Non-Compensation Expense
Three Months Ended
GAAP Non-Compensation Expense was $31.4 million for third quarter 2019 compared with $28.2 million for the prior year quarter. Adjusted Non-Compensation Expense was $29.2 million for the current quarter compared with $27.3 million for the prior year quarter.
GAAP Non-Compensation Expense increased during the current quarter compared with the prior year quarter, primarily due to increases in Occupancy and Related and Depreciation and Amortization. The increase in Occupancy and Related was primarily due to expansion in footprint in our existing locations as well as the assumption of leases in the CamberView acquisition. Depreciation and Amortization increased primarily due to additional amortization expense related to intangible assets recorded in the acquisition of CamberView during the fourth quarter of 2018.

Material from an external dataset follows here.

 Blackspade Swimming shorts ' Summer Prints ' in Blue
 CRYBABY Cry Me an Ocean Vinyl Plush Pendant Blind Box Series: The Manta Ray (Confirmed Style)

Adjusted Non-Compensation Expense increased during the current quarter compared with the prior year quarter, primarily due to an increase in Occupancy and Related for the same reasons noted above.
Nine Months Ended
GAAP Non-Compensation Expense was $98.3 million for the nine months ended September 30, 2019 compared with $82.2 million for the same period a year ago. Adjusted Non-Compensation Expense was $92.1 million for the nine months compared with $79.4 million for the same period a year ago.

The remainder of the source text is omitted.